The script for Godzilla (2014), for example, was dramatically transformed from a movie meant to criticize the U.S. military’s use of nuclear weapons into one in which Godzilla, a monstrous allegory for U.S. atomic bombing, is strengthened by a nuclear missile and later assisted in battle by the U.S. military. The original script’s references to the bombings of Hiroshima and Nagasaki were also removed by the producers after the Pentagon threatened to withdraw its assistance from the film.
Godzilla is one of many movies fashioned by the militainment industry in order to help the Pentagon procure a whitewashed, idealized image of itself. Both Zero Dark Thirty and American Sniper exalt the military and U.S. intelligence agencies while stereotyping and minimizing the humanity of the Afghan and Iraqi peoples harmed by American black ops. As Mirlees puts it, these movies “frame U.S. wars as necessary and glorious, downplaying or ignoring the human, social and environmental devastation war causes, particularly for civilians.”
The Pentagon also has a habit of withholding assistance from movies that examine the human cost of U.S. warfare or depict war crimes committed by American military personnel, such as Jarhead, Platoon, Redacted and In the Valley of Elah, which was nominated for an Oscar in 2008.
“One of my main concerns with DoD-backed Hollywood entertainment” explained Mirlees in an email to Responsible Statecraft, “is its role in sustaining an ideological environment where a purposeful questioning of defense spending—and the interests served beyond just “defense” or “security”—is politically fraught, often framed as unpatriotic or un-American.”
With a proposed budget of $850 billion and a seventh failed audit, the Pentagon is in desperate need of public scrutiny.

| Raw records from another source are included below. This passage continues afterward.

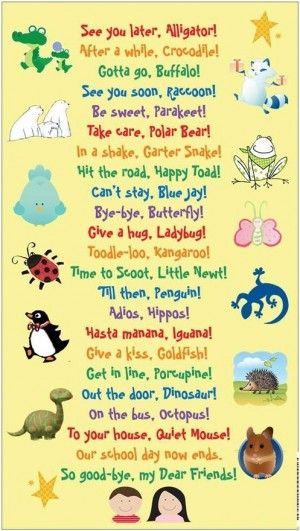 See You Later Alligator Quotes. QuotesGram Alligator Quotes, Animal Sayings, Give A Hug, Later Alligator, See You Later Alligator, Garter Snake, Classroom Songs, Preschool Songs, Teacher Quotes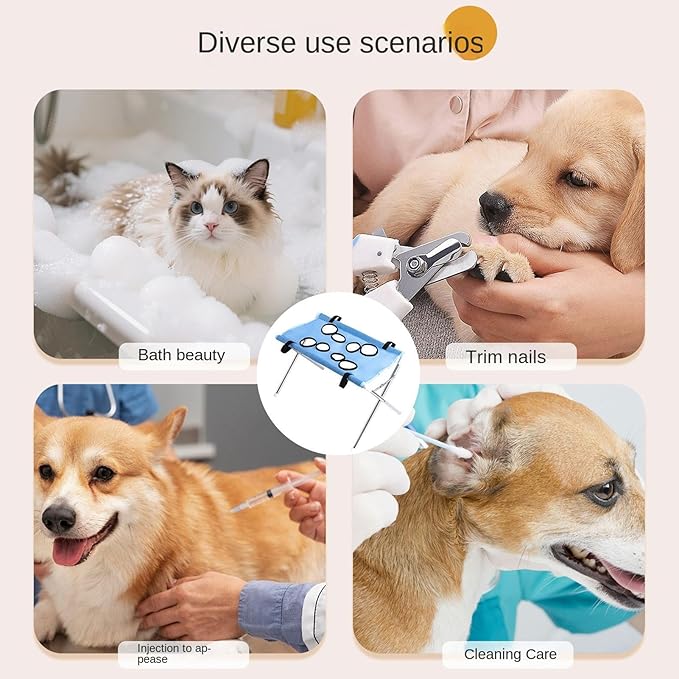 Dog Hammock for Nail Trim,8-Hole Design Cat Grooming Harness,Pet Nail Clipping Hanger | for Cats Dogs Kitten Puppy Small Medium Large Breed Indoor Home Hair Cutting Ear Cleaning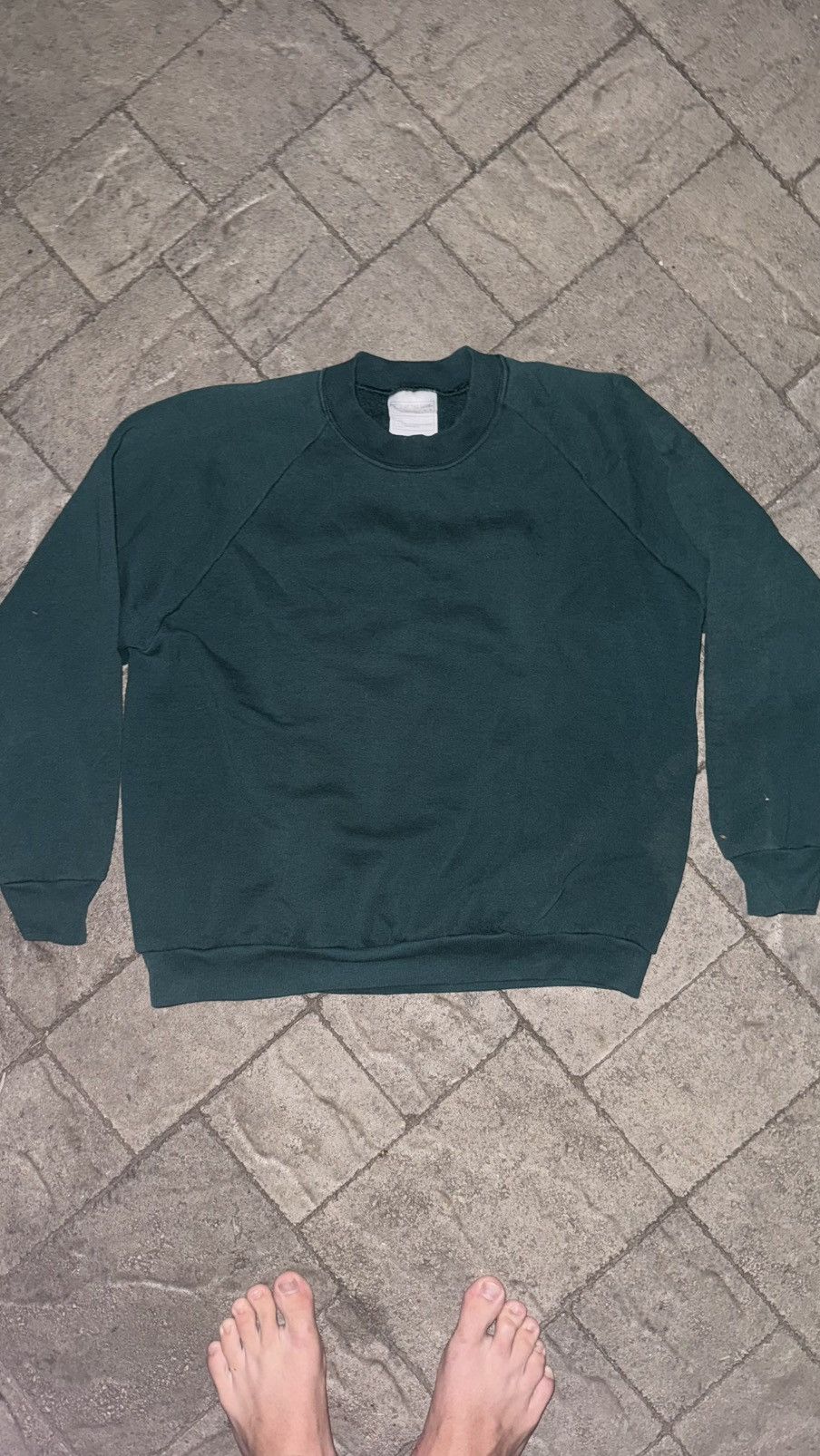 Fruit Of The Loom 90s Fruit of the Loom Dark Green crewneck Size US L / EU 52-54 / 3 - 1 Thumbnail
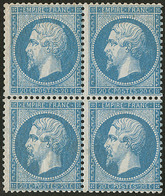 ** No 22, Bleu, Bloc De Quatre. - TB - 1862 Napoléon III.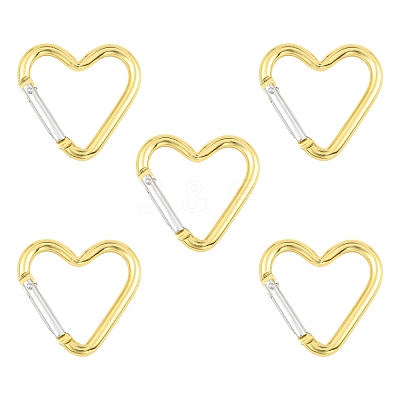 5Pcs Zinc Alloy Spring Gate Rings FIND-YW0010-59J-1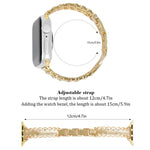 Pulseira de Relógio Metálica em Liga com Diamantes e Borda de Renda, Para Apple Watch 46mm / 49mm / 45mm / 44mm, Para Apple Watch 42mm / 41mm / 40mm / 38mm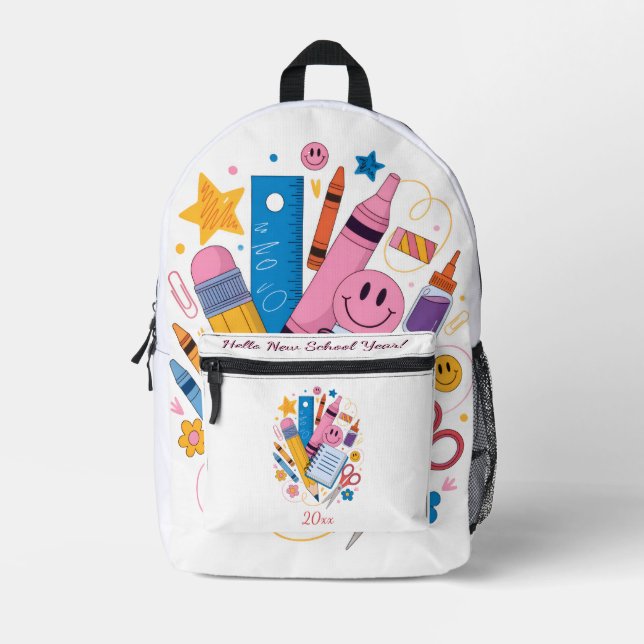 Back to School Backpack | School Essentials (Front)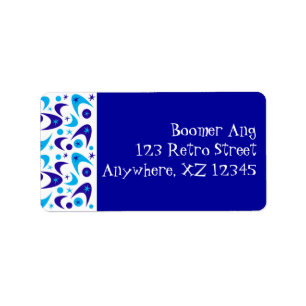 Retro Boomerangs Label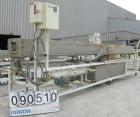 Used: Extrusion Services Inc (ESI) spray cooling tank, 304 stainless steel. 16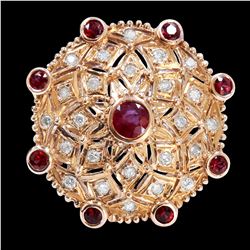 1.19CT NATURAL RUBY 14K ROSE GOLD RING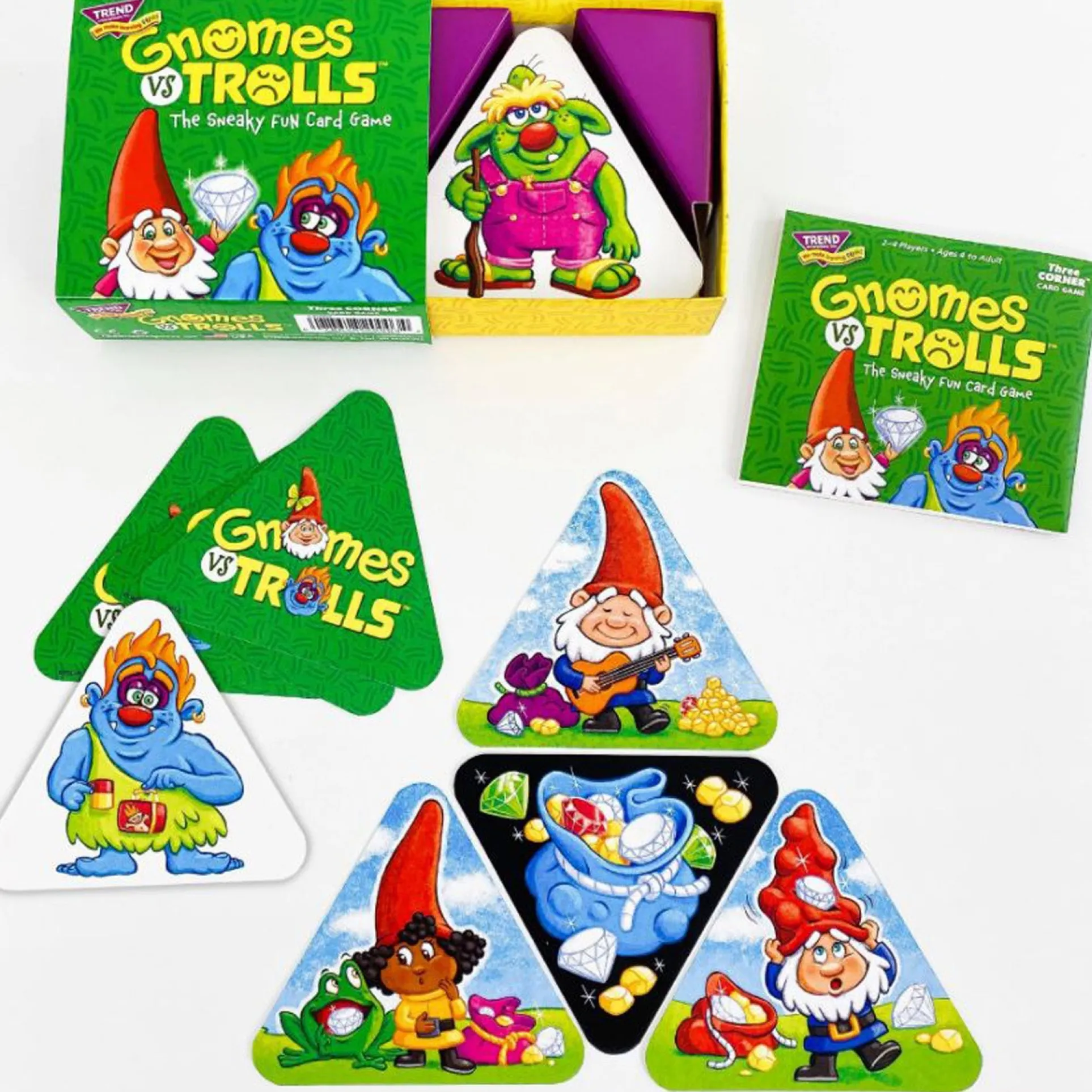TREND GNOMes vs TROLLS Three Corner Card Game, 3-Pack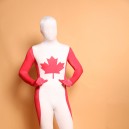 Supply Canada Maple National Flag Full Body Halloween Spandex Holiday Unisex Cosplay Zentai Suit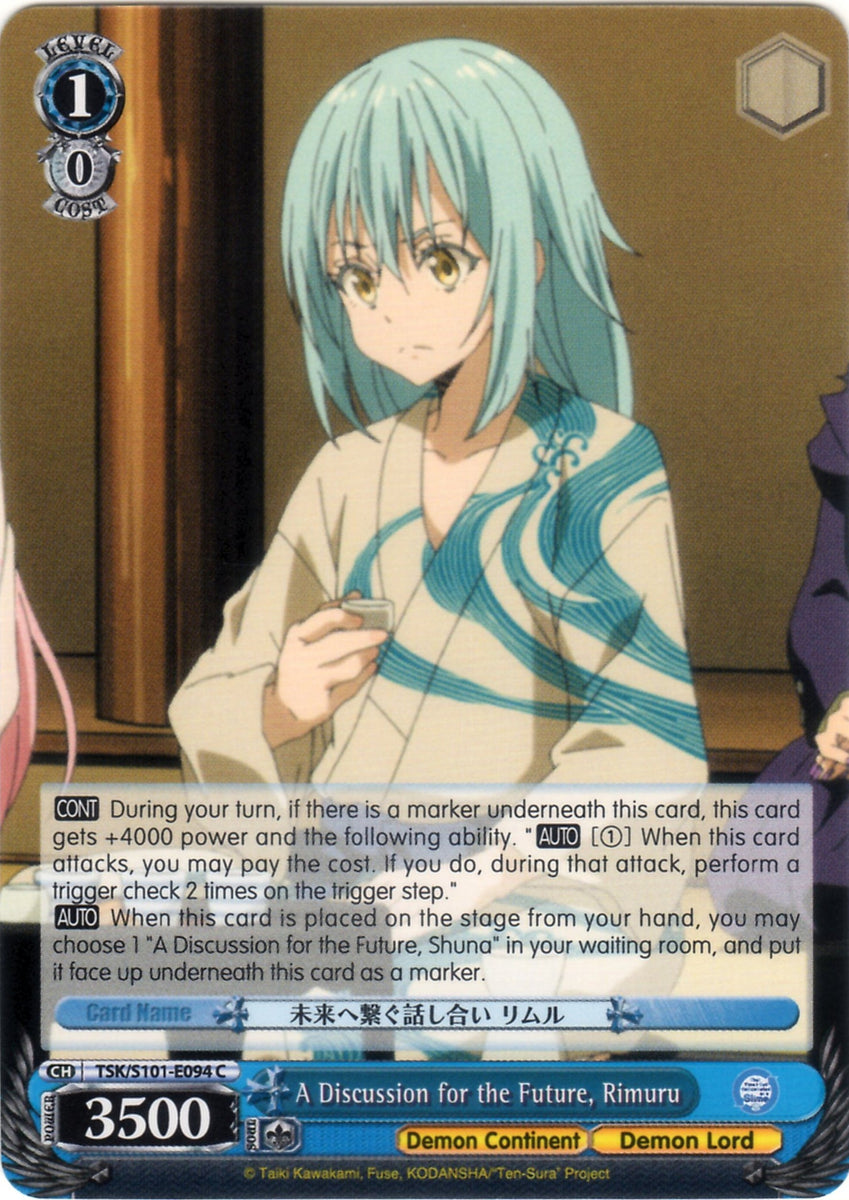 TSK/S101-E094 A Discussion for the Future, Rimuru – Strictly Broken TCG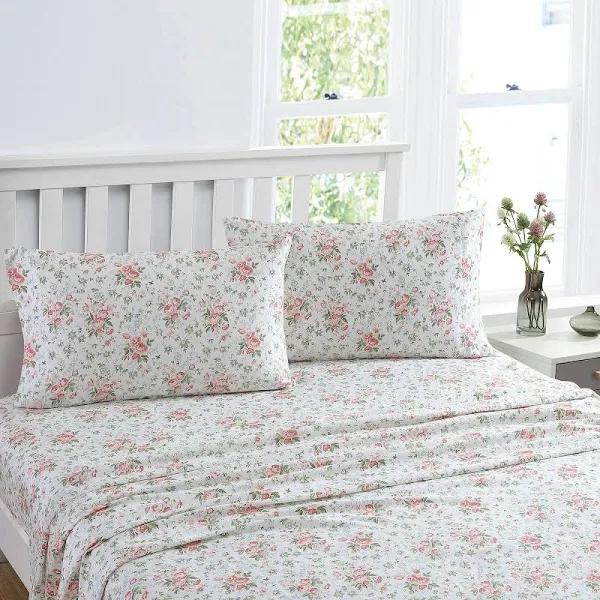 Laura Ashley Lillian Sheet Set Coral - King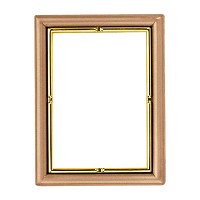 Rectangular photo frame 9x12cm - 3,5x4,75in In bronze, wall attached 264-912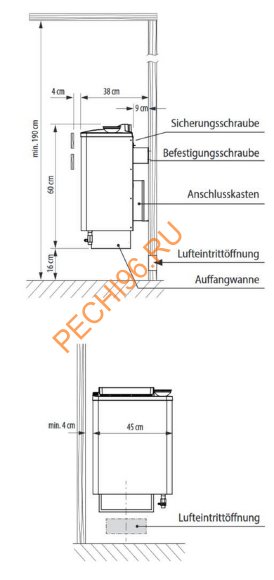 Электрическая печь EOS Bi-O Tec W 6 кВт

Yet the silver screen continues to paint a romanticized picture of the military and its equipment. The DoD’s lackluster F-35 fighter jet, which has enjoyed its fair share of the lime light in the Transformers, Superman, and Godzilla franchises, for example, is projected to cost taxpayers more than $1.7 trillion.
When it comes to its embedded role in feature films, the Pentagon does its best to keep its relationship with Hollywood off-screen. “The problem is lack of transparency," said Stahl. “As researchers file more information requests, we have seen the military become more protective and tight-lipped.” Filmmakers too, often obscure the full extent of their collaboration with the Pentagon while actively pitching movie concepts with the Pentagon’s values in mind.
The FCC mandates that all public broadcasts must include a notice of all commercial sponsorships and product usage, which could be used as a framework for legislation that would require a public disclosure of cooperation between the Pentagon and film studios, thus providing the American public with the transparency it deserves. As it stands now, however, any acknowledgement of military involvement with a Hollywood film is buried deep in the credits, only available to viewers after they’ve consumed a movie whose script has been approved by the Pentagon.
While a deeper understanding of the Pentagon’s behind-the-scenes influence on the film industry is needed, Hollywood is just the beginning of the Pentagon's efforts to win the hearts and minds of U.S. taxpayers. From videogames and music to fashion and toys, Consuming War reports will continue to investigate the military’s influence on American cultural life.
So, as you're watching the Oscars this Sunday, just remember that you're not only watching the stars; you're watching the militainment industry hard at work.